Because he’s right.
What had I expected? That she would see my brothers and simply... accept them? That she would trust me enough to ask for explanations rather than assuming the worst?
Maybe she was right to run.
The thought feels like swallowing broken glass.
“She was supposed to be different,” I whisper, the admission torn from somewhere deep.
“Perhaps,” Romulus says gently, “she was exactly what she appeared to be. And perhaps that’s why this hurts so much.”
I look at him sharply.
“You fell in love with her, didn’t you?” he continues. “Actually, genuinely in love. Not just possession or desire, but real feeling.”
I can’t answer. Can’t admit it aloud.
“And now you’re wondering if maybe—just maybe—you’re the monster in this story after all.”
TWENTY-NINE
HANNAH
Darkness has fallen completely.
I’m finally warm again, though I’m not entirely sure how that’s possible.
I should have frostbite on at least some extremities after that exposure, but when I finally extract my feet from the blankets to put on the thick socks that the kindly cabin owner offers, I can wiggle all my toes. Same with my fingers and nose. My host also provides an oversized flannel shirt, sweater, and corduroy pants that I can only keep up with a belt we have to punch extra holes in for my smaller waist.
Sure, he fed me soup and more hot chocolate-coffee until I felt it all sloshing warmly in my stomach, but still...

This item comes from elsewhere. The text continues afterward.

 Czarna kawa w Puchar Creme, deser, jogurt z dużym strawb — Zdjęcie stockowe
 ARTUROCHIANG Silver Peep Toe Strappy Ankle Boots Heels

I don’t know much about Celsius conversion, but I do know zero degrees means freezing. The thermometer outside his kitchenette window reads negative forty degrees.
Maybe I avoided frostbite because I kept moving constantly?

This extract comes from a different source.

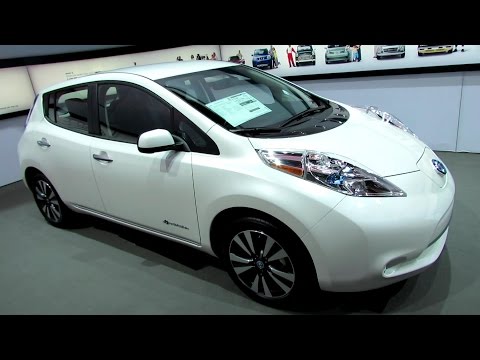 2014 Nissan Leaf - Exterior and Interior Walkaround - 2014 New York Auto Show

Or... far more likely, it’s because of something Beast did when he healed me.
Apparently, he granted more than one miracle.
Am I enhanced somehow now? Or just able to withstand extreme cold? Did he do it so I could move comfortably around his unheated castle, or was it an unintended consequence?

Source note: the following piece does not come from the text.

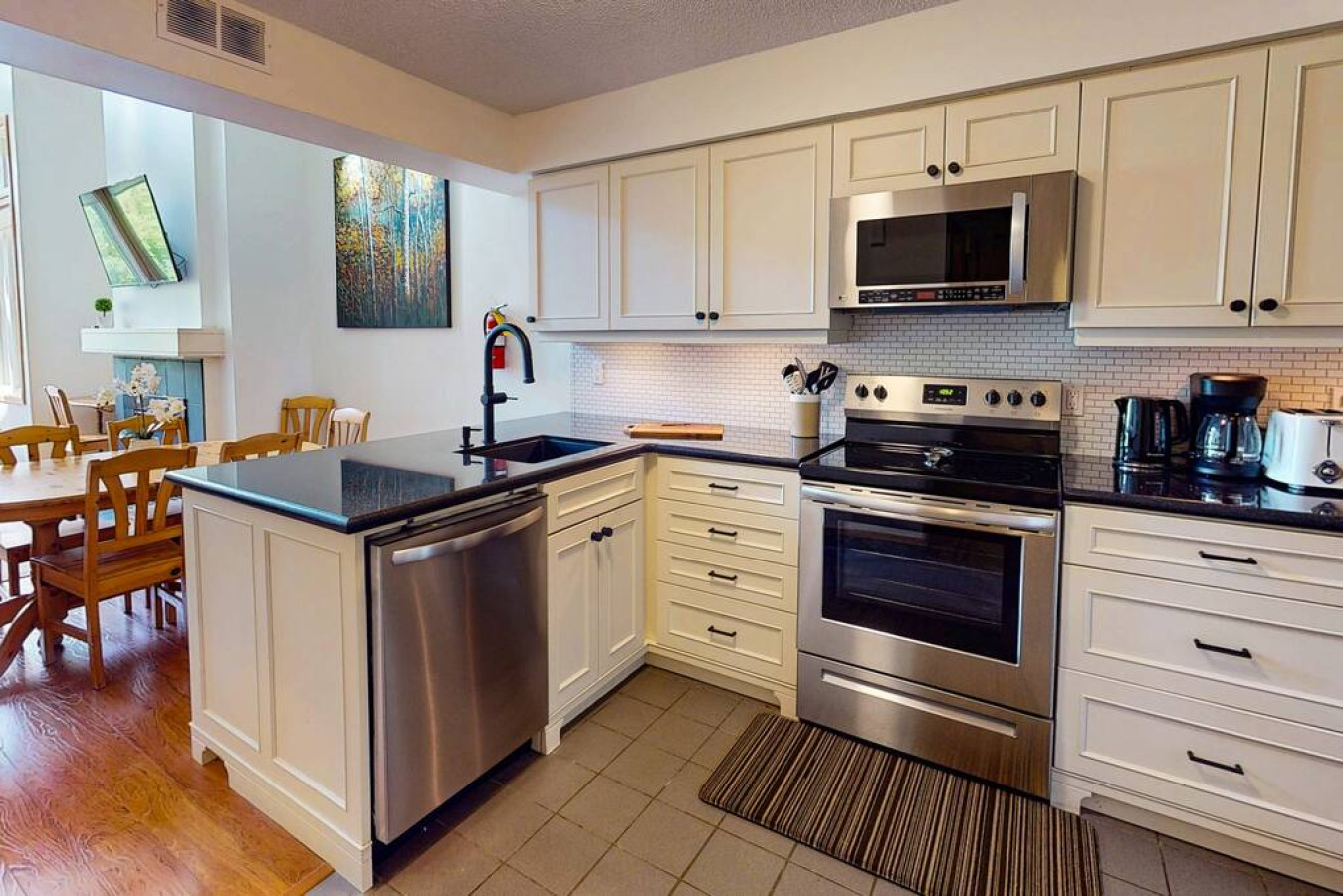 Spacious Mountain Home, Mins to BM Village! | Photo 9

I went to that dungeon seeking answers and only managed to unleash chaos while generating a thousand new questions.
Has Beast returned home to find the others loose?
I shiver despite being warm in my borrowed clothes. The old man misinterprets and drapes another blanket around my shoulders, but I shake my head and stand.
I feel remarkably strong considering how weak I was hours ago, collapsing in the snow like that. I should be far more sore, too, given how far I ran without stretching.
A month ago, just standing on these legs for a few hours—not even walking—would have left my muscles in spasms all night.
Fresh tears gather unexpectedly. Tears of pure gratitude. To Beast.
These past few years, I swore I’d pay any price, do anything, if only...
You said that before you knew what the price actually was.
So what if I made a pact with the devil? I went in with my eyes open. Mostly open, anyway.